Such a weird numbering scheme... 8 million kilowatts is 8 gigawatts.
This is good news as they're still burning inexcusable amounts of coal to keep up with demand.
HV interconnects are a key component in reducing fossil fuel dependence and they to a very large degree offset the need for battery storage if used properly.
> Ultra-high voltage lines operate at voltages above 800 kV for direct current or 1,000 kV for alternating current,
Interesting, I thought above a certain distance DC is more viable. Or are they just describing the UHV term in general, not really that particular 700km line.
And this is why China is the future, and the US is Argentina.
China has completed a number of these projects and has several in construction. I am not able to directly confirm but this appears to be a DC line.
There's a decent high level summary on Wikipedia: https://en.wikipedia.org/wiki/Ultra-high-voltage_electricity...
Now that the US has abdicated world leadership in so many areas, it's good to see China pushing the envelope.
8M kW? Isn't that 8GW?
That's more than 6 DeLorean Time Machines worth of power!
(~6.6 at 1.21 gigawatts per flux capacitor)
The journal Science has an interesting article on China's remarkable shift to renewable energy:
"China’s turn to green energy dwarfs any other country’s, as a parade of astonishing numbers attests. In 2024 alone it installed new solar and wind generation equivalent to roughly 100 nuclear power plants, and the pace quickened early this year.

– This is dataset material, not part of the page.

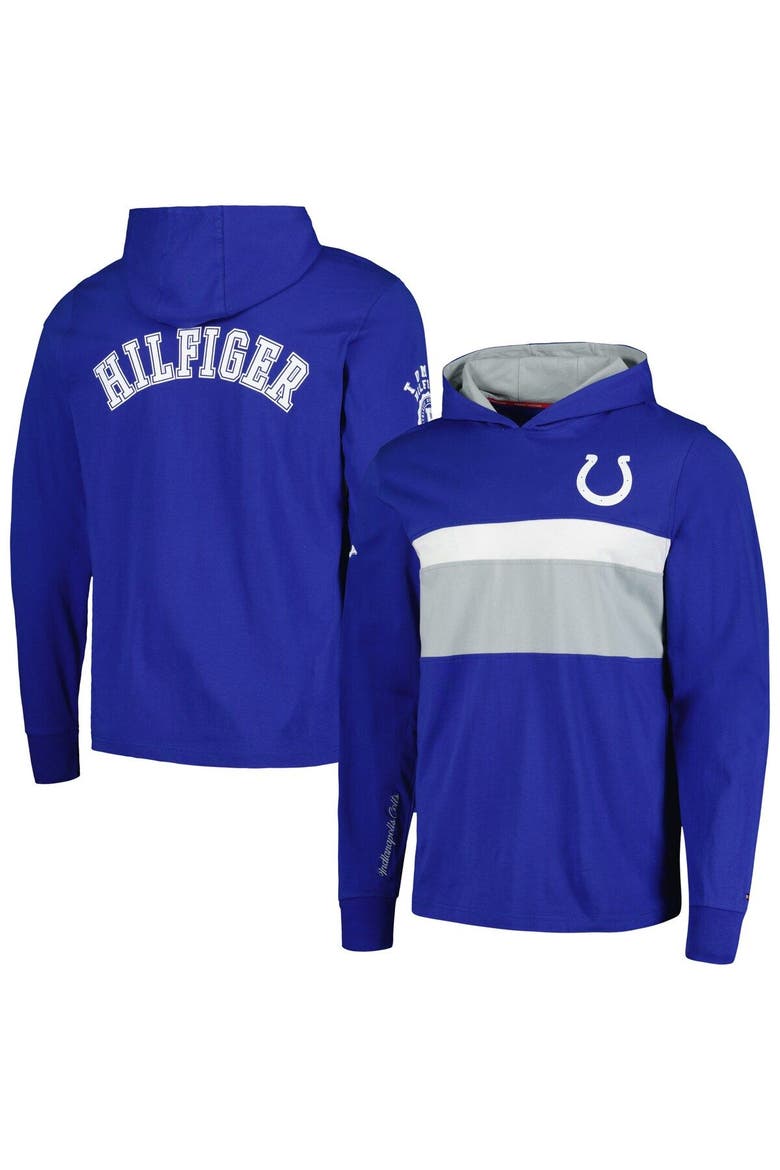 Men's Tommy Hilfiger  Royal Indianapolis Colts Morgan Long Sleeve Hoodie T-Shirt, Main, color, Royal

Dozens of new, ultrahigh-voltage power lines are marching thousands of kilometers from western deserts where much of the solar energy is generated to the eastern cities where it is used. Hungrily awaiting the bounty of clean energy are millions of electric cars and a sprawling network of high-speed electric trains that can zip between cities 1000 kilometers apart in a morning."
The article also mentions that China produced more than 12 million electric cars in 2024, 70% of global production. "China now dominates global production of renewable energy technologies. It makes 80% of the world’s solar cells, 70% of its wind turbines, and 70% of its lithium batteries, at prices no competitor can match."